Windows 10 Preview (10041): App Lifecycle in a Desktop/Tablet World

Disclaimer – this note was made against Windows 10 Technical Preview 10041 and is purely my own experimentation. I have no additional knowledge of what’s going on with Windows 10 other than what’s publicly observable in the preview build and SDK. Your results may differ and they’ll almost certainly change between now and when Windows 10 releases.

One thing that I’ve been pondering about with Windows 10 is how the lifecycle of applications varies now that Windows Apps (formerly known as ‘modern’ apps) run inside of a Window.

Windows 8.0 made a lot of changes to the operating system for more of a ‘mobile first’ world – one where Windows Apps are (mostly) deployed from a store, are security sandboxed and are run with an awareness of power and network usage.

Those power requirements meant that a Windows App had to implement a particular lifecycle such that the application is launched and then it can be suspended if the user moves away from it and resumed when the user returns to it. It’s also possible for the application to be terminated by the operating system in the meantime should it need to reclaim resources and there’s a mechanism via which the app is re-launched in the future with a ‘special flag’ to notify it that this has happened and, in general, the app should try and make the user’s experience across that set of circumstances as seamless as possible.

In Windows/Phone 8.0 and 8.1 it was fairly easy for the OS to ‘know’ when an app could be suspended/resumed because there was largely only ever one Windows App on the screen at once. Some scenarios (especially in Windows 8.1) did allow for multiple apps on screen but it wasn’t too common.

However, in Windows 10 there’s the ‘desktop’ mode and the ‘tablet’ mode. While the latter largely preserves the Windows 8.x behavior of having one Windows App on the screen at a time the former puts Windows Apps into resizable windows and doesn’t seem to offer the same opportunities for suspend/resume of the app.

Note – that’s not a criticism. It’s likely to my way of thinking that if you’re in ‘desktop’ mode you’re probably not mobile and so you might not be too worried about your battery life.

Regardless, I thought I’d dig in with Task Manager to see if I could figure out what’s going on having first tried to make sure that my Task Manager thought that I wanted it to display suspended statuses;


I then switched into ‘desktop mode’ and ran a few Windows Apps and it became fairly apparent quite quickly that they were suspending/resuming whenever I minimized them back to the taskbar and all the apps showing as ‘suspended’ below are minimized.


It’s worth saying that in Windows 8.x this suspension used to lag around 7-8 seconds behind moving away from an application whereas here it seems to be almost instantaneous.

I thought it was ‘interesting’ to think about what happens if I hit ALT+TAB and display the task switcher and whether that would cause any of these applications to spring back into life but it doesn’t seem to – presumably the OS is displaying whatever these apps had on screen at the last time that they drew themselves.
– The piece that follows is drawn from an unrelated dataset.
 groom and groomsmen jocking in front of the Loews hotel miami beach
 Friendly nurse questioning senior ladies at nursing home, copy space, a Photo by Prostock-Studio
I can (just about) see that using the alarms app to countdown on a timer because it makes it very obvious that when the app is suspended, the timer does not continue to tick down in the switcher window when the app is suspended (it does when the app is not).


Not too surprising then – it seems like in ‘desktop’ mode your app is going to be running if the user has the window open and it’s not going to be running if they have minimized the window. I haven’t tried it yet with an app that opens up multiple windows but I think they all minimize together so I’d imagine it’s the same deal.

In ‘tablet’ mode, I found it a bit more tricky to figure out what was going on. I found that when I switched away from one full-screen application such as Maps to another such as the preview of Word then Maps did not seem to suspend or, at least, Task Manager didn’t seem to show it that way.

I played with it a little because I usually run in a multi-monitor setup so I wanted to be sure that wasn’t having an impact on the results but it didn’t seem to – it seemed that it was hard for me to get Maps (or Alarms) to suspend when I was in tablet mode.

It wasn’t that apps didn’t suspend in tablet mode, it was more that I couldn’t figure out exactly what caused them to suspend and it certainly didn’t seem to be as simple as just making sure that they were no longer visible on the screen as per Windows 8.x.

As I type this sentence, I have Word and Task Manager visible side-by-side on my screen and the other Windows Apps that are running (Alarms, Maps, Music, MSN News) are not showing themselves as ‘suspended’ even though they are on screen.

I suspect (but don’t know) that this is just a temporary limitation of tablet mode as it was only recently introduced but I think it’s worth flagging that this is changing in Windows 10 with the addition of ‘desktop’ mode where, depending on usage, a typical app might spend less of its time suspended than it did in Windows 8.x.